Founded in 1940, the NAACP Legal Defense and Educational Fund (LDF) focused its early years on dismantling segregation in the U.S. The organization filed and litigated scores of cases challenging the Supreme Court’s 1896 Plessy v. Ferguson decision, which upheld state-imposed segregation.

The U.S. Supreme Court case Brown v. Board of Education was a coordinated group of lawsuits against segregated school districts in several states, and LDF Director-Counsel Thurgood Marshall enlisted the services of a number of Columbia Law School graduates—including Robert L. Carter ’41 LL.M., Jack Greenberg ’48, and Constance Baker Motley ’46—to work on the case. Motley and Jack Weinstein ’48 drafted briefs, while Professor Charles L. Black outlined model pleadings, strategized, and worked on reply briefs. After the second round of arguments, the Court unanimously declared school segregation unconstitutional.
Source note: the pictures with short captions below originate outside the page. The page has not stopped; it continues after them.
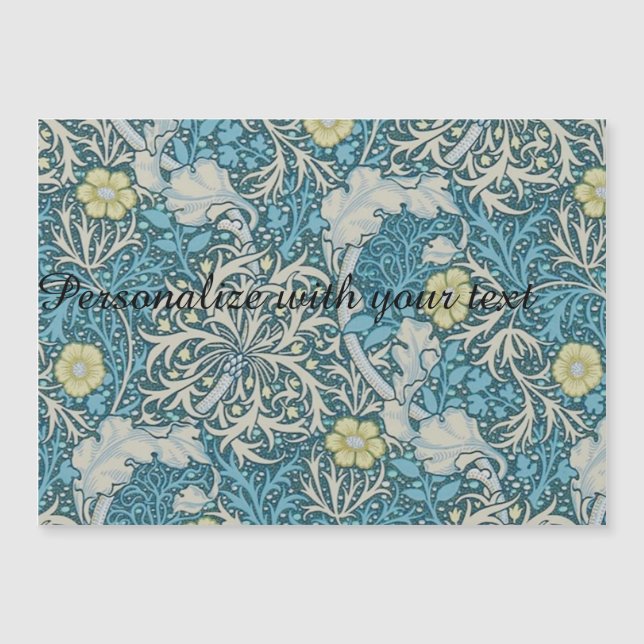 Carte Magnétique William Morris, motif Art nouveau, algues, bleu, f (Devant)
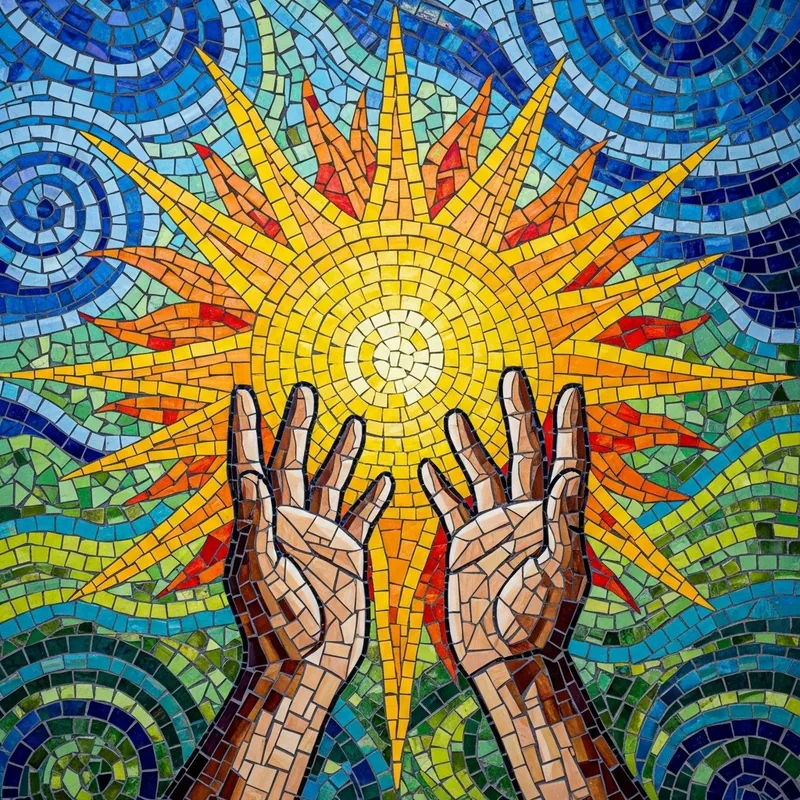 Brilliant Sun Mosaic with Reaching Hands - Sparkling Tile Art | Sol Mozaico Manos Brilliant Sun Mosaic with Reaching Hands - Sparkling Tile Art | Sol Mozaico Manos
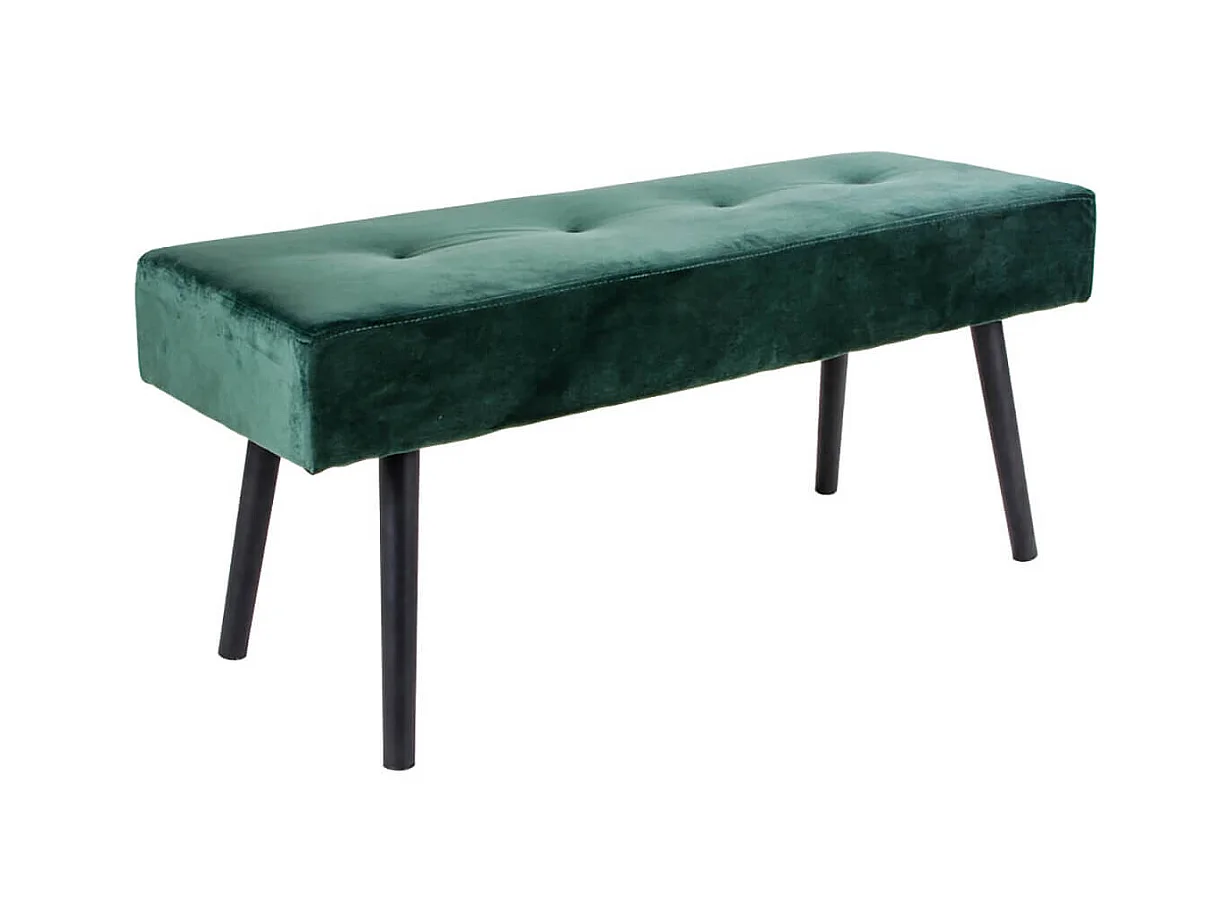 GEMINA - Banc 2 Places Velours Vert Foncé et Pieds Métal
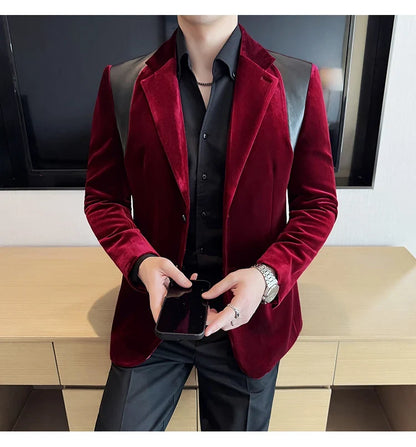 Autumn Winter New Men Mercerized Velvet Slim Fit Suit Coats Fashion Leather Splicing Casual Business Formal Party Tailcoat 4XL-M
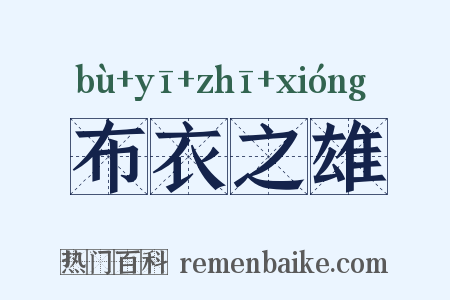 布衣之雄是什么意思的图片
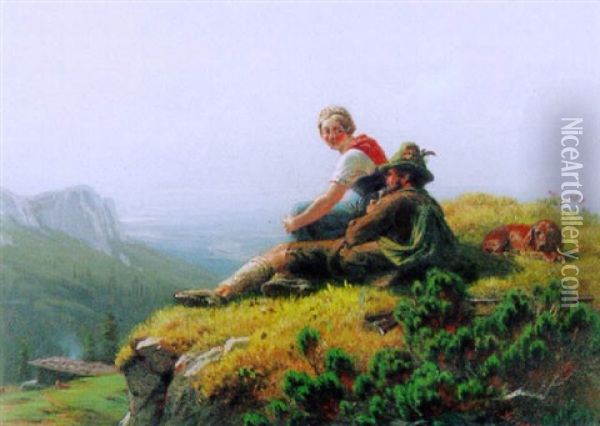 Junges Paar Mit Hund Auf Der Alp Oil Painting - Franz Leinecker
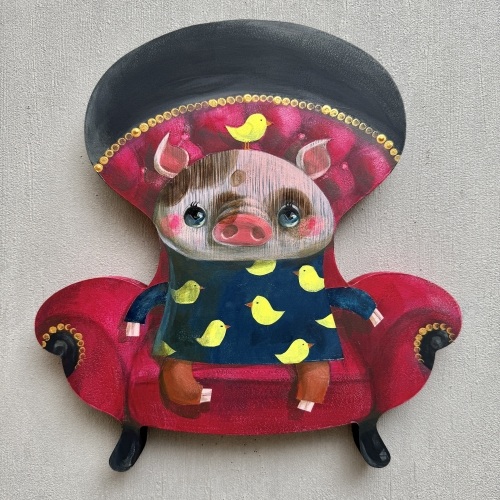 《遊びに来たプリント/Visiting Pattern》
高さ30cm
アクリル絵の具、MDF材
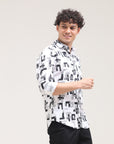Black Tapered Fit Printed Shirt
After Marshall left the LDF in 1961, Greenberg took over as director-counsel, continuing the LDF’s relationship with the Law School, which placed many of its students and graduates within the organization. Greenberg and the LDF went on to win several landmark civil rights cases, including Alexander v. Holmes County Board of Education, in which the U.S. Supreme Court called for the immediate desegregation of schools. The LDF’s work helped lead to integration at the University of Mississippi and the University of Alabama, and, in 1963, Martin Luther King Jr. asked that the LDF represent the Southern Christian Leadership Conference in all of its demonstration cases. Greenberg represented King and the other voting rights marchers in Selma, Alabama, in 1965.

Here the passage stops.